Monday, September 5, 2016

Evidence, evidence

Sometimes people advance the idea that the world is infinitely malleable, limited only by what you can conceive. This idea is easy to reject: where are all the people who have figured this out and put it to use? Shouldn't we expect there to be lots of real-life examples of Neo and Doctor Strange?

Well, there aren't. QED. The world is as objective and mundane as it appears.

But not so fast. Let's view this bit of evidence from the "infinitely malleable" hypothesis. It says: the mind (not the brain, mind you, but the sheer wondrous capacity for experience itself) is infinitely permissive. In its infinite patience, it has allowed you to dream up a reality in which you explain this capacity away as the mere byproduct of a "physical" organ; one that is subject to arbitrary external forces ("physical reality"). Ironically, you have used this infinite freedom to build a prison for yourself; one where you can not only be a victim, but one where you can prove that you are a victim.
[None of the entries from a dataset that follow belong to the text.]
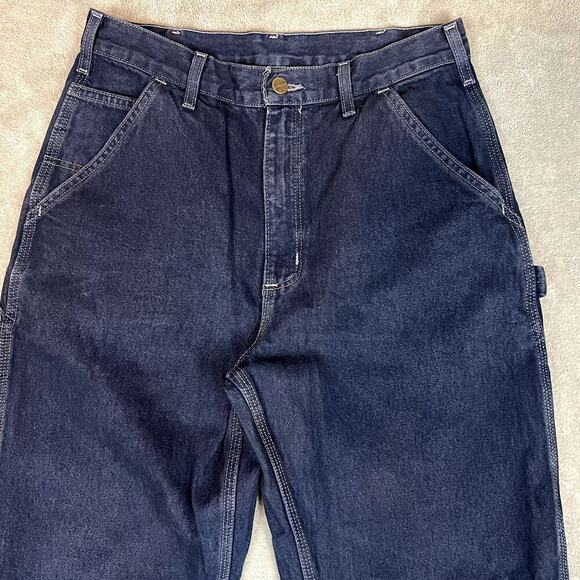Vintage Carhartt Jeans Men's 32 x 32 Dungaree Carpenter USA Chore Work - Picture 2 of 8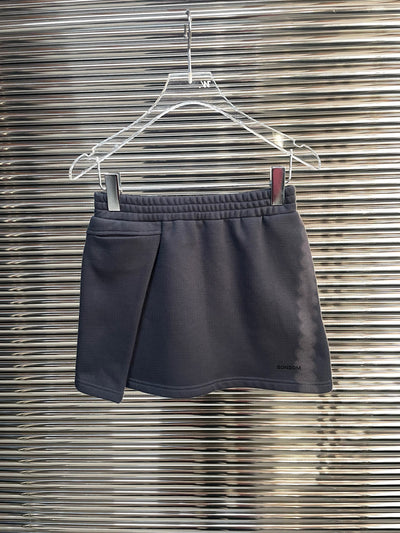Cardigan Sudadera con Capucha y Falda Elástica Estampado Letras - Image 7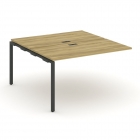 Двойной наборный элемент рабочей станции Рива CONCEPT CN.DNRS-002 Дуб Винченцо Антрацит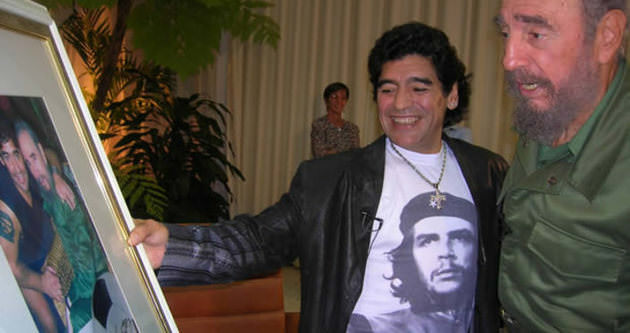 Castro’dan Maradona’ya mektup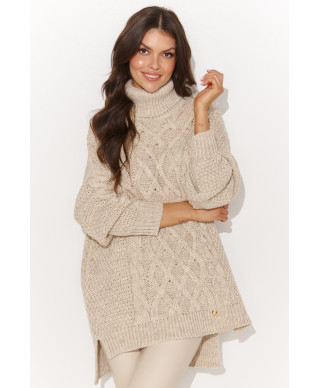 moteriskas megztinis su golfu uzmaunamas per galva smelinis melanzas NU_S96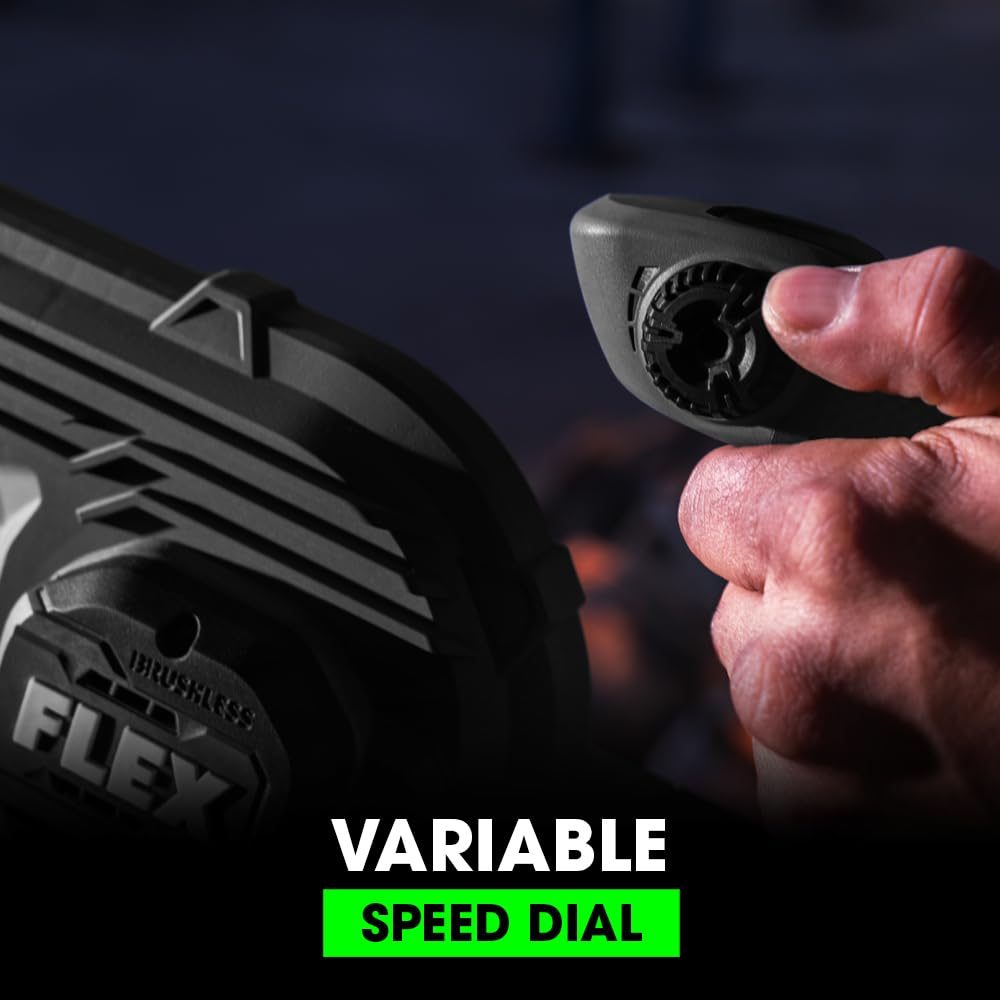 FLEX 24V blower turbo function image illustrating peak airflow for tough debris.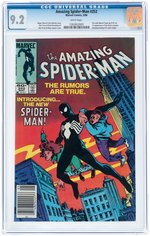 "AMAZING SPIDER-MAN" #252 MAY 1984 CGC 9.2 NM- (FIRST BLACK COSTUME).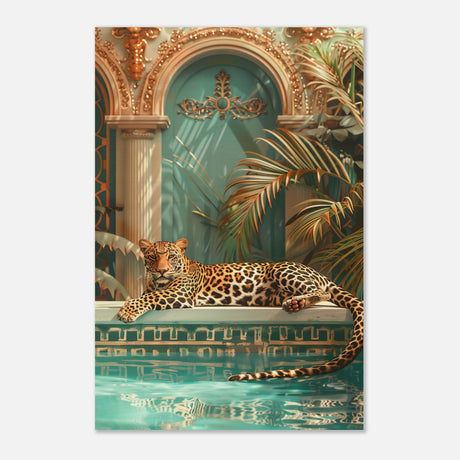  nature wall art wildlife leopard panthera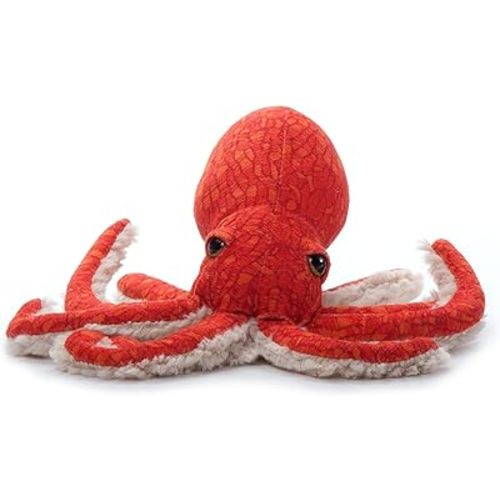 The Petting Zoo Pacific Red Octopus Stuffed Animal Plushie, Gifts for Kids, Wild Onez Sealife Animals, Octopus Plush Toy 8 inches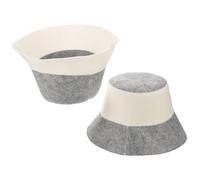 2 Pièces Chapeau de Sauna Russe, Bonnet Banya en Feutre de Laine | Style Traditionnel, Forme Seau, Protection Coiffure, Léger à Emporter pour Spa Hôtel et Séance Vapeur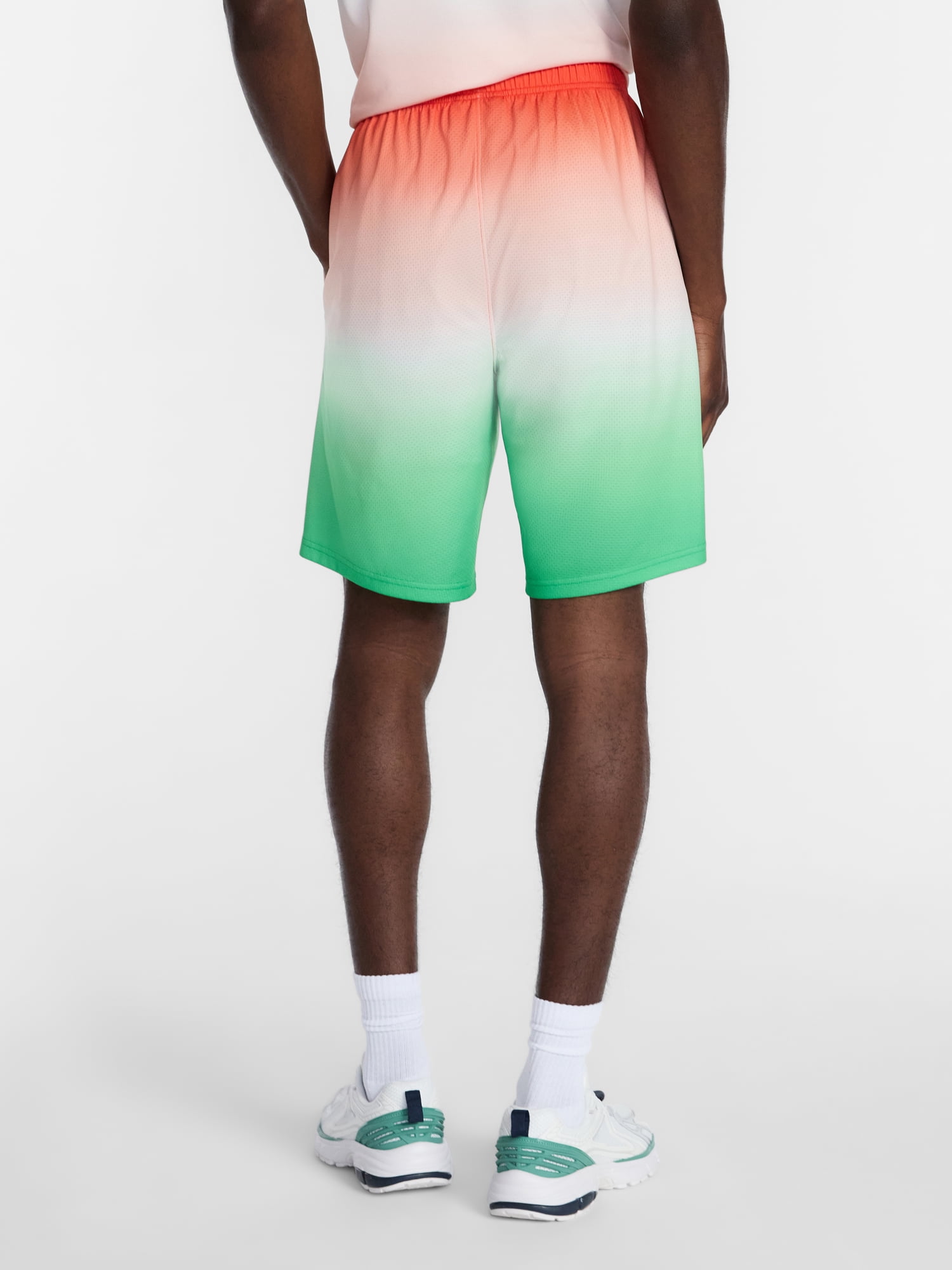 Athletic Works Men's and Big Men's Ombre Mesh Shorts, 7" Inseam, Sizes XS-5XL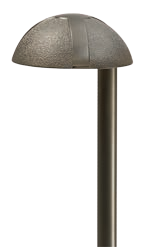 Brass Path Light Series PL800 LED Brass Mushroom Path Light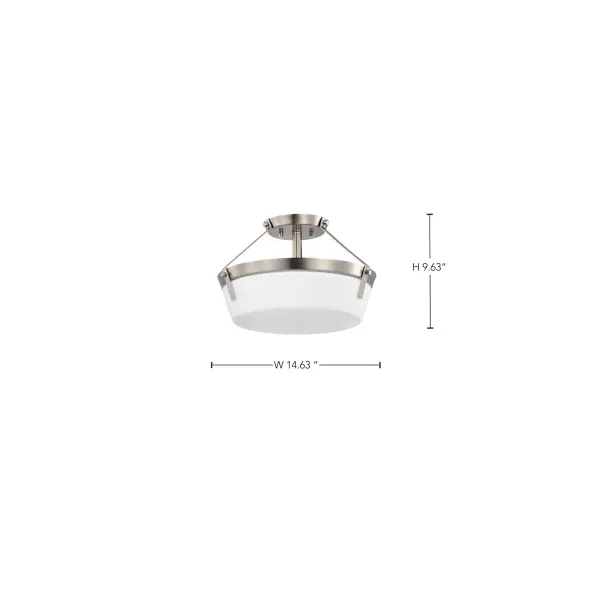 Rowen 3-Light Semi-Flush Mount in Brushed Nickel - Image 13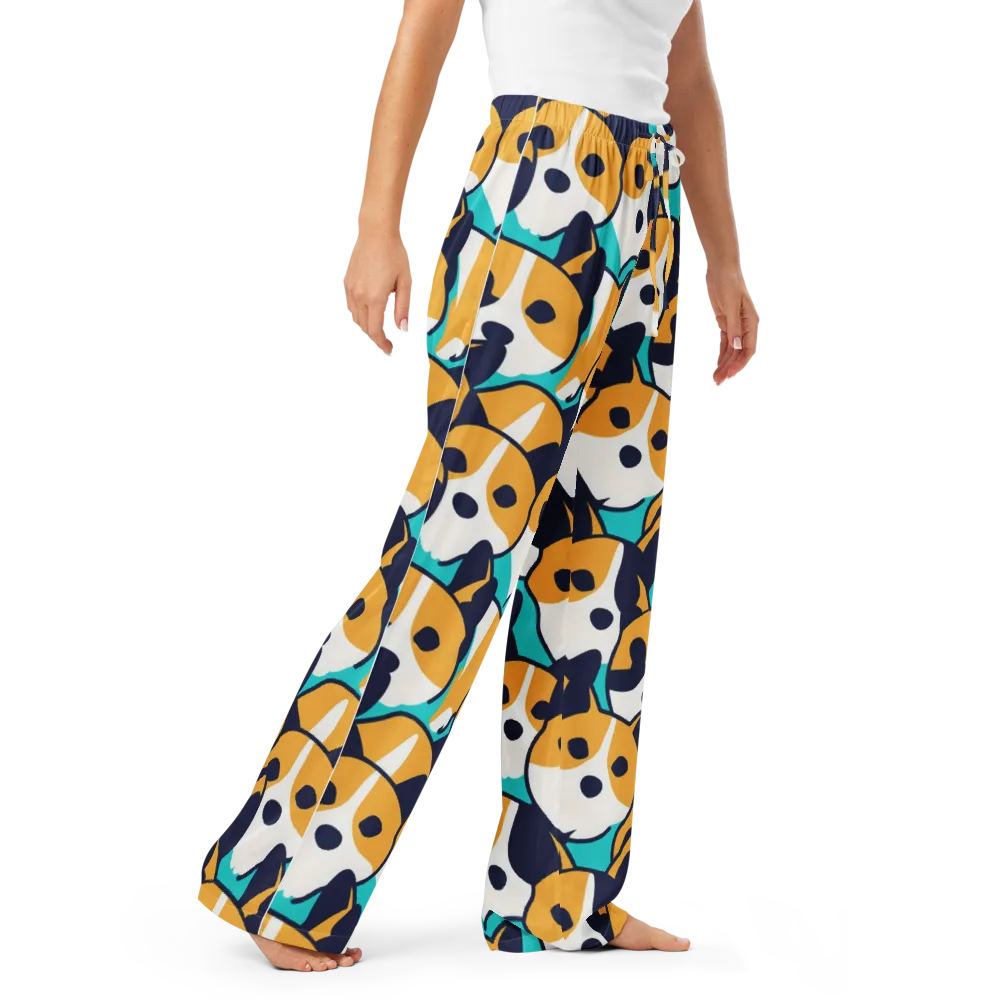 Calico Current on Women's Pajama Pants — Right Front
From this perspective, you have designed this dream to disallow "glitches in the Matrix," or anything that might expose your role as the warden of your ridiculous prison. That's why you don't see anyone who's done it.

So the evidence does not favor one conclusion over the other, much to your dismay. The lack of other free people does not support the conclusion of an objective universe any more than the conclusion of an utterly free one.

You can go on looking for bits of evidence that will support your victim hypothesis (the "objective reality" one), but one day you will grow some cojones and set off on an adventure for the truth hidden in plain sight.

Look at the unfathomable spinelessness of man: all the means he's been given to stay alert he uses, in the end, to ornament his sleep. – Rene Daumal

Sunday, September 4, 2016

Wanting what you have

You must have heard this saying:
“Happiness is not having what you want. It is wanting what you have.”
To me it's always sounded like self-help. Like, great, maybe one day I'll be wise like that. But maybe I can sit up and take notice when it comes from a mystic I respect?

Sri Nisargadatta Maharaj:
“You never want what’s true. You want what you don’t have and don’t want what you already have, and so you suffer. It’s so perplexing! Why not simply reverse it? Why not want what you have, and not want what you don’t have? It’s so simple! You can be happy; it’s here for the taking. You want little things when you could have the entire universe and eternity.”